When budgeting for a home, there are many costs first-time buyers may not think about. Unfortunately, buying a home isn't simply about sending a rent check to a mortgage lender instead of a landlord. Buyers need to remember that they have a lot more than monthly mortgage payments to take into account when figuring out just how much home they can afford. 

Extra costs before closing
Before it is even time to move in, there are many costs associated with buying a home in addition to the actual price of the property: 

1. The down payment

A 20 percent down payment is the standard rate, though having 20 percent of your home's value on hand is by no means a prerequisite for purchasing a home. It is possible to get a loan with a far lower down payment, but the San Francisco Chronicle explained that a lower down payment means a higher monthly interest rate. The more you can pay up front, the less you will have to pay later on. 

2. Closing costs 

Closing costs are one of the largest additional fees buyers will face before the purchase is final. According to Time, closing costs are usually between 2 and 5 percent of a home's purchase price. They include survey fees, inspection fees, title insurance and more.
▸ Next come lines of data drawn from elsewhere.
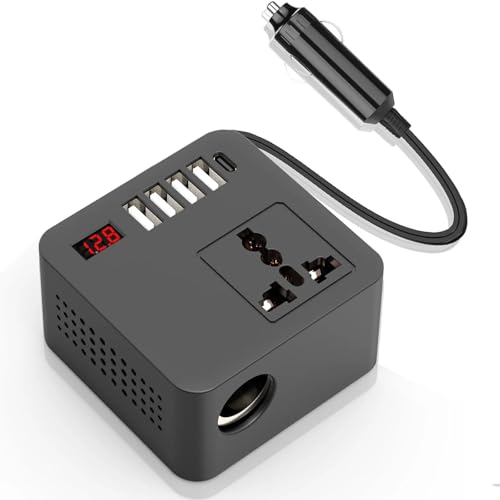 Onduleur à charge rapide 150W avec sécurité automatique thermique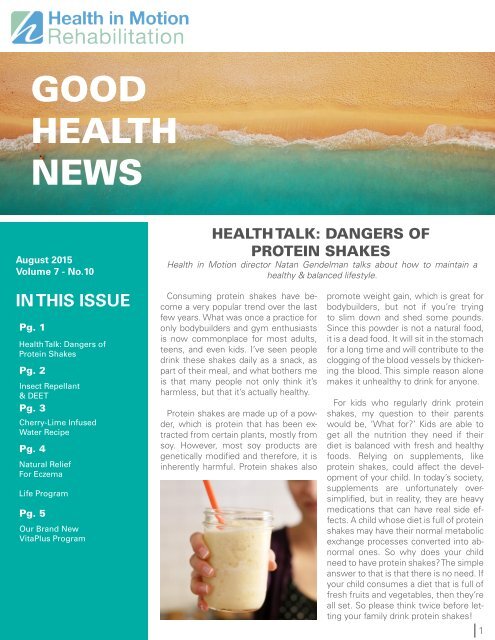 Good Health News - August 2015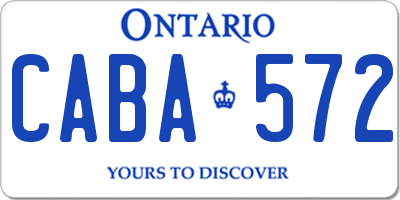 ON license plate CABA572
There are, however, a few ways to bring closing costs down. According to Redfin, it is possible the seller will be willing to cover some of the closing costs, so buyers should make sure to address this possibility during negotiations. In addition, it is important to shop around for different loans, as each lender will charge different fees. Redfin also said cheaper homes incur less closing costs. 

3. A home inspection

Most buyers will want to get a home inspection before committing to the purchase of a home. A home inspection is one cost that is well worth it, as it could end up saving the buyer money later on. Once any major and minor issues are discovered in a home, the buyer has the opportunity to negotiate with the seller to determine if the seller will cover the costs of certain repairs.

U.S. News and World Report also recommended paying for a specialized home inspection as well to check for pests like termites. Again, detecting these problems before a deal closes gives the buyer an opportunity to get more money from the seller.

4. Utilities 

U.S. News and World Report suggested asking for information from sellers regarding their average utility costs per month before making a final decision, as utility costs can really add up. 
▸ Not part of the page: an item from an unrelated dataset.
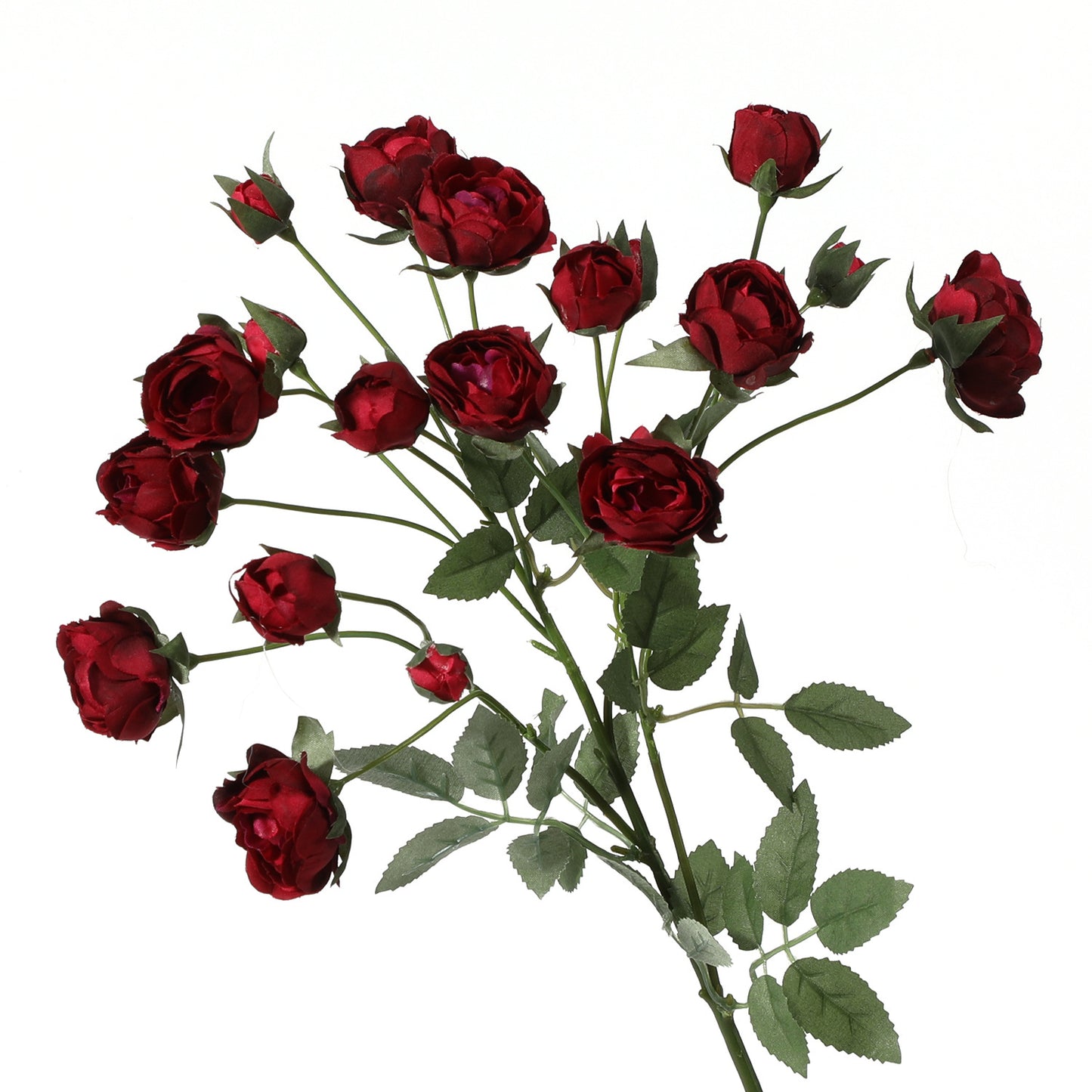 Silk rose branch/mini Austin rose branch/ multi-head small rose home decoration fake flowers silk flower wholesale.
Extra costs once the home is owned
Once you have taken care of the pre-purchase costs, there are still many monthly and annual fees for which you will need to budget. In association with Thumbtack, a website that connects consumers with service professionals, Zillow conducted a study to determine how much American homeowners spend on their homes every year. The study found the national average to be $6,042 per year, though in Boston, the most expensive city to own a home, the annual costs surpass $9,000. 

In addition to mortgage payments, there are several costs of homeownership factored into these numbers: 

1. Monthly housing payments 
Zillow explained that there are four major elements that make up a monthly housing payment: principal (your mortgage payment), mortgage interest rate, taxes and insurance.
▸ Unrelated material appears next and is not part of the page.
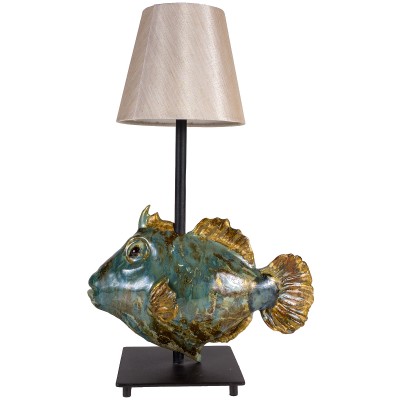 Статуэтка-лампа "Зелёная Рыба". Глазурованная керамика, авторская ручная работа. Россия, 2019 г. Статуэтка-лампа "Зелёная Рыба". Глазурованная керамика, авторская ручная работа. Россия, 2019 г.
On average, property taxes will cost about 1.2 percent of the price of the home every year. Insurance fees will vary, as the homeowner gets to select his or her own insurance. It is not optional, though. Anyone with a mortgage must have homeowners insurance, and it must meet specific qualifications. U.S. News and World Report said depending on the location of the property, buyers may also want to purchase supplemental insurance to protect their homes from common natural disasters in the area. In addition, Zillow added if a buyer paid less than 20 percent for a down payment, he or she will also be required to obtain mortgage insurance. 

Interest rates alone can add up to shockingly large amounts. The Chronicle said that over the lifetime of a 30-year loan a buyer could end up paying more than the original price of the home in interest. 

2. Home maintenance 

Once a home is owned, the buyer is responsible for all upkeep and repairs. Buyers should make sure to account for these costs when considering which home to purchase. 

"Home buyers too often fixate on the sticker price or monthly mortgage payment on a house, and don't budget for the other expenses associated with ownership - which can add up quickly," Amy Bohutinsky, Zillow's chief marketing officer, explained in the study. She uses the example of a large backyard, which buyers often become excited about without thinking about the maintenance costs.  
Thumbtack's data suggested the most common outsourced maintenance tasks are gutter cleaning, carpet cleaning, house cleaning and pressure washing. Together, these cost an average of $3,435 per year. 

When considering the costs of home maintenance, U.S. News and World Report explained how all of those situations in which people are used to calling a landlord for assistance will now be the responsibility of the buyer to deal with on his own.

A home inspection is a great way to determine how much initial maintenance a home will require. 

3. Association fees

U.S. News and World Report also discussed the fees associated with living in a condominium or a single-family development. These types of housing often require residents to pay homeowner's association fees as well as fees associated with maintenance in communal areas.